• SUPPLIED RECORDS:

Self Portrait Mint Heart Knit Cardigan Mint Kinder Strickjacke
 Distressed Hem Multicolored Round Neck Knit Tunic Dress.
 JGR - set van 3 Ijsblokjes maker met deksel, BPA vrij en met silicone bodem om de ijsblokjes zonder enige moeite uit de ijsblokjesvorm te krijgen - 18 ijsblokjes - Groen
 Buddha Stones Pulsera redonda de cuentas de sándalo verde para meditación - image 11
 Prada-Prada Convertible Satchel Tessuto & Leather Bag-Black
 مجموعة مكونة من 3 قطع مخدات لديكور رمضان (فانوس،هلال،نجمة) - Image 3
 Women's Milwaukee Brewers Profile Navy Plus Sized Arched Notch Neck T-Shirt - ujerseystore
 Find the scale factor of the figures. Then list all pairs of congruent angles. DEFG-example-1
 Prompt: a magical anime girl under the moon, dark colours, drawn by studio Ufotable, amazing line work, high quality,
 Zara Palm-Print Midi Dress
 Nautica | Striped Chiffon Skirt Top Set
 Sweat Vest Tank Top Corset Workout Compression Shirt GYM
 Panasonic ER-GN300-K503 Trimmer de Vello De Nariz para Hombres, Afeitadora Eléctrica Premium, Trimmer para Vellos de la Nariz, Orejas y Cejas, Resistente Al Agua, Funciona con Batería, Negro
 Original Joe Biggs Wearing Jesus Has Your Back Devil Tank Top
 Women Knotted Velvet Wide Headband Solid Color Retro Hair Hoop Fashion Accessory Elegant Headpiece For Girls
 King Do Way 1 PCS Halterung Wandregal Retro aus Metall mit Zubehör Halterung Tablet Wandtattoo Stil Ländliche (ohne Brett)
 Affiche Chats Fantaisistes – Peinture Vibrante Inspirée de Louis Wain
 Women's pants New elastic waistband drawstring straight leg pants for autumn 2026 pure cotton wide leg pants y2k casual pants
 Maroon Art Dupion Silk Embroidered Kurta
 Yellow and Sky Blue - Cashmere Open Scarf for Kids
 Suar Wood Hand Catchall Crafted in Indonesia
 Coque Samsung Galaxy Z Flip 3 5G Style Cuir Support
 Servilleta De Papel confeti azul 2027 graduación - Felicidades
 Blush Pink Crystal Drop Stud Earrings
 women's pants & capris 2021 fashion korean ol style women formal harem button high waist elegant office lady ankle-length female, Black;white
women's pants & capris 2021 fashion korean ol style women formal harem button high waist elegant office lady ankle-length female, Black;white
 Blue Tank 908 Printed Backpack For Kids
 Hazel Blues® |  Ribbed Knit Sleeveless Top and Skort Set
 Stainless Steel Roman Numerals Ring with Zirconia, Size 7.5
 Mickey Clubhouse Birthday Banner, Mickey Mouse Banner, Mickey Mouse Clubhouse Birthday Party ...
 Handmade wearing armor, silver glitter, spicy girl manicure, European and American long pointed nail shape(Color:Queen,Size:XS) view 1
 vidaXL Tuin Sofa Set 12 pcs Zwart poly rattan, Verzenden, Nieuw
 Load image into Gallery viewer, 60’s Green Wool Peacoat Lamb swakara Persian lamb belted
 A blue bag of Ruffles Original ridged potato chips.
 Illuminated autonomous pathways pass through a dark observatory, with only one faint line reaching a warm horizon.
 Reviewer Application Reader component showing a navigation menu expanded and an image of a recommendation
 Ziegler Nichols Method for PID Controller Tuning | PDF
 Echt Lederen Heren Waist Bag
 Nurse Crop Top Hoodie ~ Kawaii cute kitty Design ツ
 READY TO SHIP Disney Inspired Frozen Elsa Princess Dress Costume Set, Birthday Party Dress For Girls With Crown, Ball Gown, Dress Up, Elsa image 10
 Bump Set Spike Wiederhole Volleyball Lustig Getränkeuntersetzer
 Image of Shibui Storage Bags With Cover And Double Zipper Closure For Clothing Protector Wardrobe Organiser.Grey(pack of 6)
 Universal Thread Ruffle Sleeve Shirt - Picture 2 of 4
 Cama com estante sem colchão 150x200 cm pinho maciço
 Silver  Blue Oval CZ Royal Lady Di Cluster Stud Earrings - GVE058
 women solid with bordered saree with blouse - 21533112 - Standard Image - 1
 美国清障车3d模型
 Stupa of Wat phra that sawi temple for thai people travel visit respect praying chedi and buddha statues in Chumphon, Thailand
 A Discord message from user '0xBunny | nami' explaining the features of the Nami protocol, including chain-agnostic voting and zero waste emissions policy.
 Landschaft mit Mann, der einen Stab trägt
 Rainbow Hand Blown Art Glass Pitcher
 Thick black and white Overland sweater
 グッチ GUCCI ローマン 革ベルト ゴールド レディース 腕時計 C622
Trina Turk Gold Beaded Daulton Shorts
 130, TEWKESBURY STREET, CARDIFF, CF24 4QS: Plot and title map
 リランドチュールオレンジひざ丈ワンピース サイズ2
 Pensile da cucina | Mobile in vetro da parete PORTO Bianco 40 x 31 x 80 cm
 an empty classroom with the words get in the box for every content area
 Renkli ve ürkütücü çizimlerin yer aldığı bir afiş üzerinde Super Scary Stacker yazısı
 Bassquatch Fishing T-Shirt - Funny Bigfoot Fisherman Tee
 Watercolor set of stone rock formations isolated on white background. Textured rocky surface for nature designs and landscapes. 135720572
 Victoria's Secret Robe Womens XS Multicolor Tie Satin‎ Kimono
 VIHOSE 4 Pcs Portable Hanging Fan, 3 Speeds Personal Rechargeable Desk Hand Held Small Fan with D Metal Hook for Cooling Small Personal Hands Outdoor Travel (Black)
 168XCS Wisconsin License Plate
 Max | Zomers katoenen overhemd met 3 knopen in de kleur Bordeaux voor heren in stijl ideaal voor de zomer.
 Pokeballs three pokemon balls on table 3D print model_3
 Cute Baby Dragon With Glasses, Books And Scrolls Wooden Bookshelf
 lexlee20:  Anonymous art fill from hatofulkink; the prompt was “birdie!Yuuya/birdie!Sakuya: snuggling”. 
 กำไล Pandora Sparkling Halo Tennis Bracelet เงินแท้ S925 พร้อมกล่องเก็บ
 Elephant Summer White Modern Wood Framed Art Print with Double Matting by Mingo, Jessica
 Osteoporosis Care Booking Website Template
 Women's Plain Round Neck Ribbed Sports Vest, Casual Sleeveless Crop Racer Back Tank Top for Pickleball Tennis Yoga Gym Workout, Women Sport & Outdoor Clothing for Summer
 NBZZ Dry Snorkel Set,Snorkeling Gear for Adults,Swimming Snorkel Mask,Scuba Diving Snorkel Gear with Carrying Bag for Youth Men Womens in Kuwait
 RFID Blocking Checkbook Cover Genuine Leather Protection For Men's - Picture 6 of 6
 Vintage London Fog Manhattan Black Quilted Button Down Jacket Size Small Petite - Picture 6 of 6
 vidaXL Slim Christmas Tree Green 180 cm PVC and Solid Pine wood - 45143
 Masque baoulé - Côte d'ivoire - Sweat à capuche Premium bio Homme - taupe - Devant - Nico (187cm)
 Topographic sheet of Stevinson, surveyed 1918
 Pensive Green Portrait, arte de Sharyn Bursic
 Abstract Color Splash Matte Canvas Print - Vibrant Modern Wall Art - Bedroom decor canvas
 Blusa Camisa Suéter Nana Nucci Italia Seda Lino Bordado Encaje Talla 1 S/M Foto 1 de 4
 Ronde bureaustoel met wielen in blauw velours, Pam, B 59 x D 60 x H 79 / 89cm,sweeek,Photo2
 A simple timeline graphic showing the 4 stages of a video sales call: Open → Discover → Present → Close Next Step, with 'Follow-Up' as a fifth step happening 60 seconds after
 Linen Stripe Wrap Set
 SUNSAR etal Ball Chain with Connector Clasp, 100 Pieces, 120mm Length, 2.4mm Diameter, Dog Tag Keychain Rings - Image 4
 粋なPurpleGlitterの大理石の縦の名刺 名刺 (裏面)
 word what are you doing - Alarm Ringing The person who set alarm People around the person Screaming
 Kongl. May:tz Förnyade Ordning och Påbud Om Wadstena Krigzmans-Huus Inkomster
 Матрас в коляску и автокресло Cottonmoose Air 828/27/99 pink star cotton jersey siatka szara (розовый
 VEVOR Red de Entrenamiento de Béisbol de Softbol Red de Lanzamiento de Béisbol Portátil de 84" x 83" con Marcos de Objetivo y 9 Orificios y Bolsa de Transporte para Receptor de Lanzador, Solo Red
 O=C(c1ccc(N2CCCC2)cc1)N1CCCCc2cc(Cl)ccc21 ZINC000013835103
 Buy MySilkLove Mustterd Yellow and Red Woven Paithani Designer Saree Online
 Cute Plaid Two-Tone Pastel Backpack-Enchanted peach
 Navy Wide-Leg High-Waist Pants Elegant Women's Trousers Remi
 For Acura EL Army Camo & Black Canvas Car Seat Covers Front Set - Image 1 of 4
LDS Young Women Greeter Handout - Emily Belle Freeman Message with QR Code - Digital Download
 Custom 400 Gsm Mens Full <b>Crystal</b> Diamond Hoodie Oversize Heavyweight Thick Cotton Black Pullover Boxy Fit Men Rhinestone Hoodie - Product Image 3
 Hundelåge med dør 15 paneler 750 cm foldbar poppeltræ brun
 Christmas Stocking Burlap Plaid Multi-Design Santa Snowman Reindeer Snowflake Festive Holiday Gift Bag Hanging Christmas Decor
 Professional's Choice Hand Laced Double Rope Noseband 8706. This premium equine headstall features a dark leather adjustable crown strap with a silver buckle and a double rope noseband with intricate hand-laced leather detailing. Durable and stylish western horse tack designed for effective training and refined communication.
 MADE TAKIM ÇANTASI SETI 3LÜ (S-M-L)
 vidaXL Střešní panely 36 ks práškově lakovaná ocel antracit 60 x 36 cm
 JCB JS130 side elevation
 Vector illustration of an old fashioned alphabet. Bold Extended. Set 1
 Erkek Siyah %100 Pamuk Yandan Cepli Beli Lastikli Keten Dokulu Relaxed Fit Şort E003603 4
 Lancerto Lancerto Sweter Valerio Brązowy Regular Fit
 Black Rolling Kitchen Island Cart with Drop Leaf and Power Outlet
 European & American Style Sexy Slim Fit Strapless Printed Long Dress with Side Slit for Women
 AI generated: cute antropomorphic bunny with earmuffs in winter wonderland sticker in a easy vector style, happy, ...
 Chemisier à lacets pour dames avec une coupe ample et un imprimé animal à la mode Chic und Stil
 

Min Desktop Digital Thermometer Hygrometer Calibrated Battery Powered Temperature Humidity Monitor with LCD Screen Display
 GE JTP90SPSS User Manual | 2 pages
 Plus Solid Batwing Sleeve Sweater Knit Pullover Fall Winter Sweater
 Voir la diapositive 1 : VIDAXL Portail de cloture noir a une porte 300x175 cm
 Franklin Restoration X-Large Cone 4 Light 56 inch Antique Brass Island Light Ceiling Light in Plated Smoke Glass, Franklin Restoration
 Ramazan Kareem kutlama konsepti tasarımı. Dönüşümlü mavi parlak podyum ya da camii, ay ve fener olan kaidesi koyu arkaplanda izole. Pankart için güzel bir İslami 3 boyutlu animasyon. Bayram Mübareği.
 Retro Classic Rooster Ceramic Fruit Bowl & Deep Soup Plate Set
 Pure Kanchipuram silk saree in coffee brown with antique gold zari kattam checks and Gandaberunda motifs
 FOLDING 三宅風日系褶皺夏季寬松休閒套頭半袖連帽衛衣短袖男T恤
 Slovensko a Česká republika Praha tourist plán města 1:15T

• EXERCISE OBJECTIVE: Only one stretch of the entries above is wanted: the lines from the one containing "リランドチュールオレンジひざ丈ワンピース サイズ2" through the one containing "Watercolor set of". Please reproduce it exactly.

• WRITTEN SOLUTION:
 リランドチュールオレンジひざ丈ワンピース サイズ2
 Pensile da cucina | Mobile in vetro da parete PORTO Bianco 40 x 31 x 80 cm
 an empty classroom with the words get in the box for every content area
 Renkli ve ürkütücü çizimlerin yer aldığı bir afiş üzerinde Super Scary Stacker yazısı
 Bassquatch Fishing T-Shirt - Funny Bigfoot Fisherman Tee
 Watercolor set of stone rock formations isolated on white background. Textured rocky surface for nature designs and landscapes. 135720572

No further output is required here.